4.5.3. Kernels Selected Iteration / Op Combination Table

Kernels in Selected Iteration / Op combination

See this description for all the features available in all DataTables.

Column	Description
Kernel Name	The name of the kernel.
Device ID	The device ID of the kernel.
Kernel Timestamp (ns)	The timestamp for when the CUDA API call was made for this kernel in the CPU thread. Useful to see the order in which the kernels were called.
GPU Time (ns)	The time spent executing the kernel on the GPU.
Uses TC	A true/false field indicating whether or not the kernel uses Tensor Cores. To filter, type ‘1’ for true, and ‘0’ for false.
Grid	The grid size of the kernel.
Block	The block size of the kernel.

4.6. Iterations view

This view displays iterations visually. Users can quickly see how many iterations are in the model, the iterations that were aggregated/profiled, and the accumulated durations of tensor core kernels in each iteration.

Fields

Field	Definition
X-Axis	The iterations of the model.
Y-Axis	Duration of iterations. The unit of this axis is dynamic (e.g., ms, ns, s, etc).
Badges	In the top right, four badges display iteration specifics of the profiled network. Total Profiled Start Stop The values inside the start and stop badges come directly from DLProf: see the --iter_start and --iter_stop command line options.
Legend	Dark Green: Accumulated duration of all kernels using tensor cores Light Green: Accumulated duration of all kernels not using tensor cores Blue: Accumulated duration of all memory operations Orange: Accumulated duration of all CPU operations Pink: All time not in any of the other categories Gray: Duration of iteration outside the profile. Black: User-positioned aggregation boundary.

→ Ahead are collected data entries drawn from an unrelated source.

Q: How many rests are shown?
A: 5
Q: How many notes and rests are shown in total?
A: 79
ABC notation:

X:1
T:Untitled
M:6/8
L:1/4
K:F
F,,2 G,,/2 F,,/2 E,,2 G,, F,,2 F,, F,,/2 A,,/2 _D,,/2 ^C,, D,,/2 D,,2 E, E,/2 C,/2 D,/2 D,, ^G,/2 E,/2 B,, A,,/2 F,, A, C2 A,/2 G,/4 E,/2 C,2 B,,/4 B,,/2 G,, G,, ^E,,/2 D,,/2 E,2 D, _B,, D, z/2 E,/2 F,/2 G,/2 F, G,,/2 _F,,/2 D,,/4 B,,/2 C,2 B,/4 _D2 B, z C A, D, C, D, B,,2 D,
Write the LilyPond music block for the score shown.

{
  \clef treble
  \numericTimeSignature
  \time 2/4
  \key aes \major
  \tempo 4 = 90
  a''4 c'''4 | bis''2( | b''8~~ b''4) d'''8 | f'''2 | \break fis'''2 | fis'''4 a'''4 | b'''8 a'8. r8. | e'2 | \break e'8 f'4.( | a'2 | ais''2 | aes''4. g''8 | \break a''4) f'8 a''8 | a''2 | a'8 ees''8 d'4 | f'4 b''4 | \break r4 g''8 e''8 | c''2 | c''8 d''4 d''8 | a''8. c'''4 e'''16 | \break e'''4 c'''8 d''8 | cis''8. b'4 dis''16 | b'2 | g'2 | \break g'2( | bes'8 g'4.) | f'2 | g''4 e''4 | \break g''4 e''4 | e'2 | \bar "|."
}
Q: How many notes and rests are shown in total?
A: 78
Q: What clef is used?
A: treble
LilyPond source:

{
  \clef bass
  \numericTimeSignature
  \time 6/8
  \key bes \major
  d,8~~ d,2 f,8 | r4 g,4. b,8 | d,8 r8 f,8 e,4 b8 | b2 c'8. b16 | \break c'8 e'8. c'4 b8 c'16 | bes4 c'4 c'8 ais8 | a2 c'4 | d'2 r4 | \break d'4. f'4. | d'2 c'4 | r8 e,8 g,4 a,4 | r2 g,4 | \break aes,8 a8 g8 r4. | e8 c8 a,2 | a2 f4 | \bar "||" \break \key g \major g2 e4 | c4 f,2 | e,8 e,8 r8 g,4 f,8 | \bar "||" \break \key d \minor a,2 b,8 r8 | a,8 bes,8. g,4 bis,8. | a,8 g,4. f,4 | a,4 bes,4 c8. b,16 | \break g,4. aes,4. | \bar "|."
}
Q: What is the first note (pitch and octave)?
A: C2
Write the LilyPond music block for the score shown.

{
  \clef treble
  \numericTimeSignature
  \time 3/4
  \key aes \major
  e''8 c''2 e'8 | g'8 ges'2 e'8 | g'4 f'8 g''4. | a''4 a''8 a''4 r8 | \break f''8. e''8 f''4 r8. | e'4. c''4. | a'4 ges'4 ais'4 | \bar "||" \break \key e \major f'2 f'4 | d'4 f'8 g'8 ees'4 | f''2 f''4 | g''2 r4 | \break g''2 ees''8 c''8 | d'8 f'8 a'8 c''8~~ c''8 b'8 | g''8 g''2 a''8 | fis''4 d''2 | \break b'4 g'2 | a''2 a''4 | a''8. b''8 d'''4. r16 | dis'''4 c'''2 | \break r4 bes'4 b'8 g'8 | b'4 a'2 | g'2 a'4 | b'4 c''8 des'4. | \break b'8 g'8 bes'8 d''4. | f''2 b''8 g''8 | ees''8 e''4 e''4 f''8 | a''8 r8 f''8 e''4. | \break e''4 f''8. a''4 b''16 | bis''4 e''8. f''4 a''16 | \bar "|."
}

See ‘Select Iter Start’ and ‘Select Iter Stop’ below.

UI Controls

Control	Definition
Toggle Buttons	All Iterations: Show all the iterations in the entire network Profiled Iterations: Zooms in to only show the iterations that were profiled
Hover	When mouse hovers over an iteration, a popup window appears displaying the values of all the constituents of the iteration.
Select Iter Start	Specification of a new “iteration start” value. Used for re-aggregating the data inside the viewer. The value can be changed by typing into the field, by clicking the up/down arrow spinners, or by hovering the cursor over the field and spinning the mouse wheel. When this value changes, the left black bar will move accordingly.
Select Iter Stop	Specification of a new “iteration stop” value. Used for re-aggregating the data inside the viewer. The value can be changed by typing into the field, by clicking the up/down arrow spinners, or by hovering the cursor over the field and spinning the mouse wheel. When this value changes, the right black bar will move accordingly.
Select Key Node	The existing key node value is displayed in a read-only field. Sometimes key nodes can be very long. If a long key node is selected, the first few characters of the key node will appear in the field. The entire length of the key node field will appear when the cursor hovers over the field. Click the Key Node Picker button to view and pick a new key node. See the dialog below.
Reaggregate	Instructs the DLProf back-end server to reaggregate the network with the specified parameters.

Workflow

Sometimes the original aggregation parameters on the DLProf command-line specified an iteration start value, an iteration stop value, or even key node that yielded a suboptimal representation of the network’s profile (such as including warm-up nodes). This feature allows the user to change those values and re-aggregate. Here is an example:

Notice in the Iterations View screenshot above:
1. Iteration eight contains no work, and
2. Iteration nine through fifteen (among others) contain way too much work. The aggregation values throughout the viewer contain those ops and kernels and potentially skews the results.
You can change the iteration start and iteration stop values in a number of ways: typing and clicking the up and down spinners. The best way is to hover over the field and spin the mouse wheel.
Some platforms do not have a default key node for a neural network. Sometimes the predefined key node is suboptimal. By clicking on the ‘Select Key Node’ picker, a key node can be selected. This is a full-featured panel that allows for filtering, sorting, and pagination to find a Key Node. See the view called Ops and Kernels for more details.
Note:
Note: There are fewer columns here than in the view, but the usability is the same.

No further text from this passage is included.